2026 documentary film

The Disciple (also known as The Disciple: A Wu-Tang Fable) is a 2026 documentary film directed and co-produced by Joanna Natasegara. A co-production of the United States and the United Kingdom, it chronicles the journey of Dutch-Moroccan rapper and producer Cilvaringz and his role in the creation of Once Upon a Time in Shaolin, the Wu-Tang Clan's one-of-a-kind album.

The film had its world premiere at the 2026 Sundance Film Festival on January 22. It will be released globally by Netflix on October 16.

== Premise ==
The film follows Cilvaringz, a Dutch Moroccan rapper and producer whose journey evolved from devoted Wu-Tang Clan fan to trusted collaborator within the group's inner circle.

The film is structured in two halves: the first focuses on Cilvaringz's path from a teenager in Tilburg, Netherlands, who discovered Wu-Tang Clan while playing basketball with friends, to becoming part of RZA's inner circle through persistence and repeated trips to New York. The second half chronicles the creation of Once Upon a Time in Shaolin, a 31-track double album housed in a handcrafted silver box, of which only one legal copy exists. The album was conceived as a statement against the devaluation of music in the streaming era, positioning the work as fine art rather than mass-distributed content.

The documentary also covers the album's controversial sale in 2015 to Martin Shkreli for $2 million, subsequent seizure by the U.S. government following Shkreli's securities fraud conviction, and eventual acquisition by NFT collective PleasrDAO for $4 million in 2021. The nine core Wu-Tang Clan members appear only in archival footage, while interviews feature Cilvaringz, members of the Wu-Tang Killa Bees, and Cyrus Bozorgmehr, who helped usher the Shaolin project into existence.

== Production ==
Director Joanna Natasegara met Cilvaringz through a friend while on holiday in Morocco. Natasegara, a Wu-Tang Clan fan since her teenage years in Manchester, said she wanted to avoid making a "beef movie" and instead sought to highlight the spirituality and ethics underlying the Clan's art. The film employs a visual style inspired by Wu-Tang and RZA's creative references, particularly Hong Kong martial arts cinema.

== Release ==
The Disciple had its world premiere in the Premieres section at the 2026 Sundance Film Festival on January 22. It was also selected for the 53rd Telluride Film Festival.

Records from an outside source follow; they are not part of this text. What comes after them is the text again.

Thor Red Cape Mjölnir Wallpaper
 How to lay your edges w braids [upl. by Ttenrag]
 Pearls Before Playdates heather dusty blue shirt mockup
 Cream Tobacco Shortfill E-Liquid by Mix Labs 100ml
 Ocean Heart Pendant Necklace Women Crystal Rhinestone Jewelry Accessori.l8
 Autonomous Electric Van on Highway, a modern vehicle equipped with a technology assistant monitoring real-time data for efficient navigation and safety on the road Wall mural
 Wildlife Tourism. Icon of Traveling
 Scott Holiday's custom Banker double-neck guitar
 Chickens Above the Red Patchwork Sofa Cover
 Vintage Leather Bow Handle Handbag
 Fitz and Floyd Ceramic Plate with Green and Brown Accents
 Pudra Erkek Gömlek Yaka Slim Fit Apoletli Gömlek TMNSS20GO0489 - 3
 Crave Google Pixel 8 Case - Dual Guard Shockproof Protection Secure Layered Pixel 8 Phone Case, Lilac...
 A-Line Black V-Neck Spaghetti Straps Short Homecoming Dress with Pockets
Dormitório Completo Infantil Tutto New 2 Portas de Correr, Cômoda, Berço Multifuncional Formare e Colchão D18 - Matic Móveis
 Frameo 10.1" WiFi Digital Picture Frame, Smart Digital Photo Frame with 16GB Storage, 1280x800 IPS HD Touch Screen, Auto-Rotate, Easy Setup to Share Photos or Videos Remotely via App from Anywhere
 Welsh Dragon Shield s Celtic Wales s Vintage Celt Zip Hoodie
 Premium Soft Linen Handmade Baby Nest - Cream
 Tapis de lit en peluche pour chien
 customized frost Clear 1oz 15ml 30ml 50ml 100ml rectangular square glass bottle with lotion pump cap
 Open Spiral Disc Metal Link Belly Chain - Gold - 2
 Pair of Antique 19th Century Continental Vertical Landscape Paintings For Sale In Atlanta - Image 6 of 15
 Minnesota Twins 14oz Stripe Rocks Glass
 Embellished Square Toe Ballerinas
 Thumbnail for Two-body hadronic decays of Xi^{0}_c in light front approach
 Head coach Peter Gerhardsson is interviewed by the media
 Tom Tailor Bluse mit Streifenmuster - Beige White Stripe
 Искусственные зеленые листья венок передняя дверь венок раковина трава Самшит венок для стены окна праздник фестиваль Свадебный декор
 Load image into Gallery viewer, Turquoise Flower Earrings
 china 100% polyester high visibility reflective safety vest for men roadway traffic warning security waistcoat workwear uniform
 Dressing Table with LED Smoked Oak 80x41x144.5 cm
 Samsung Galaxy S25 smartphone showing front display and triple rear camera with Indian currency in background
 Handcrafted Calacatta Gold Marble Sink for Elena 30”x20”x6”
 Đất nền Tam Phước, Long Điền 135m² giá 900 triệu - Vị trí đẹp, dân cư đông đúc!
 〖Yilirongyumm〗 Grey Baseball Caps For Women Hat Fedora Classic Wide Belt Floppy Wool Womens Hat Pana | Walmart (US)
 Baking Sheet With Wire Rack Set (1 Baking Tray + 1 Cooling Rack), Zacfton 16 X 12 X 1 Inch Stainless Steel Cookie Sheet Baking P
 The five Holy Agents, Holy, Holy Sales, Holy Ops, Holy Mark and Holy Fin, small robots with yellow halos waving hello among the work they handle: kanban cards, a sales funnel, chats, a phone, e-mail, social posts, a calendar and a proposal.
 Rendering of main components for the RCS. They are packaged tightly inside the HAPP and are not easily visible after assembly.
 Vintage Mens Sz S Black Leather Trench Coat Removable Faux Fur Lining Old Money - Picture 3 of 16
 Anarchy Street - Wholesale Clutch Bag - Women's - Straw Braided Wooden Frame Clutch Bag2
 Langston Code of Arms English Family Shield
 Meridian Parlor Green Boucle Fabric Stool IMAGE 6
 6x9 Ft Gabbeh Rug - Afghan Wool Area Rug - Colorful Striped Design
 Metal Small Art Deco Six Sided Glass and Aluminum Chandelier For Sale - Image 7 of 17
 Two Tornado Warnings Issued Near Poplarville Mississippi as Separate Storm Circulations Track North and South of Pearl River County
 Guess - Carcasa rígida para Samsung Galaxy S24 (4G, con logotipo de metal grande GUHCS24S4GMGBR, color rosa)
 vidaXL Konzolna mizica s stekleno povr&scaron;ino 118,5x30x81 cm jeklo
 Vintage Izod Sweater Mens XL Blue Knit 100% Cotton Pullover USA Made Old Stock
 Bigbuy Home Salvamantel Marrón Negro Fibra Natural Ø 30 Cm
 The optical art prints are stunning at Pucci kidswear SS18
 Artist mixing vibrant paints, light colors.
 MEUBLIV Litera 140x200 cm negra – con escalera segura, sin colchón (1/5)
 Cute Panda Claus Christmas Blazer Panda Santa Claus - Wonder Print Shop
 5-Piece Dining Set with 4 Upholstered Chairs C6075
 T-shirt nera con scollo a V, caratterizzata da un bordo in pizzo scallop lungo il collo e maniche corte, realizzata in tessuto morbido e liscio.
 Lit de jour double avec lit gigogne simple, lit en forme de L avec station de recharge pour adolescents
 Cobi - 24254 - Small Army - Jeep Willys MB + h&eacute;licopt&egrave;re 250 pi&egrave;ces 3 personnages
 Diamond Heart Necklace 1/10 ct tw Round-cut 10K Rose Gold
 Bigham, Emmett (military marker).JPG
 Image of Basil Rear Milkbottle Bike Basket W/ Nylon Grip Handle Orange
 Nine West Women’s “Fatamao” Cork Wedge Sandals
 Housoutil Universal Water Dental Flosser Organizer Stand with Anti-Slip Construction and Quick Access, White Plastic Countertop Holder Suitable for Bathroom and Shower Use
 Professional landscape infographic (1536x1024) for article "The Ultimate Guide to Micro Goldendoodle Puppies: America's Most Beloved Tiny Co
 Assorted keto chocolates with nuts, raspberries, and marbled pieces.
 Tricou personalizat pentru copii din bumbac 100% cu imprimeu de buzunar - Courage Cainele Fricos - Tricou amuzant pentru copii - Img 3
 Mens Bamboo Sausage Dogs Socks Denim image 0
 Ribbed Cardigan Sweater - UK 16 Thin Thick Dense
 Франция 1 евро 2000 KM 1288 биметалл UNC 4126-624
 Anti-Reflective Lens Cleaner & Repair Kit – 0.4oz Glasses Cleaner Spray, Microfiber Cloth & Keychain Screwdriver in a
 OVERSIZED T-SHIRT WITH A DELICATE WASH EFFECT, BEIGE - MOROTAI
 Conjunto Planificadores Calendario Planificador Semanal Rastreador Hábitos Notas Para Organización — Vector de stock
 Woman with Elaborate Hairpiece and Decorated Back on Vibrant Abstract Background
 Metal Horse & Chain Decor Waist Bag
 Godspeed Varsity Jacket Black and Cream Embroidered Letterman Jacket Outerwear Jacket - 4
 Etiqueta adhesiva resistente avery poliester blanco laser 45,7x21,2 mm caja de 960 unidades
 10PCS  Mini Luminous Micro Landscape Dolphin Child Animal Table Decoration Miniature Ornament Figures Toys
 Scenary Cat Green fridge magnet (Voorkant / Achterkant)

It will be released globally by Netflix on October 16.

== Reception ==
Chris Willman of Variety called the film "an amusing yarn, well told" and praised Cilvaringz as "a charismatic and compelling narrator of his own story," while noting that the absence of fresh interviews with the nine core Wu-Tang members was "a pretty big hole to fill in." David Fear of Rolling Stone described the documentary as "a testament to both the lingua franca power of hip-hop and the ability of obsession to fuel four-alarm conflagrations of creative ambition," calling it "required viewing for anyone interested in hip-hop legacies and fanboy fantasies made manifest." Daniel Fienberg of The Hollywood Reporter noted that the film gives Cilvaringz and the Once Upon a Time in Shaolin saga a "whimsical underdog documentary treatment."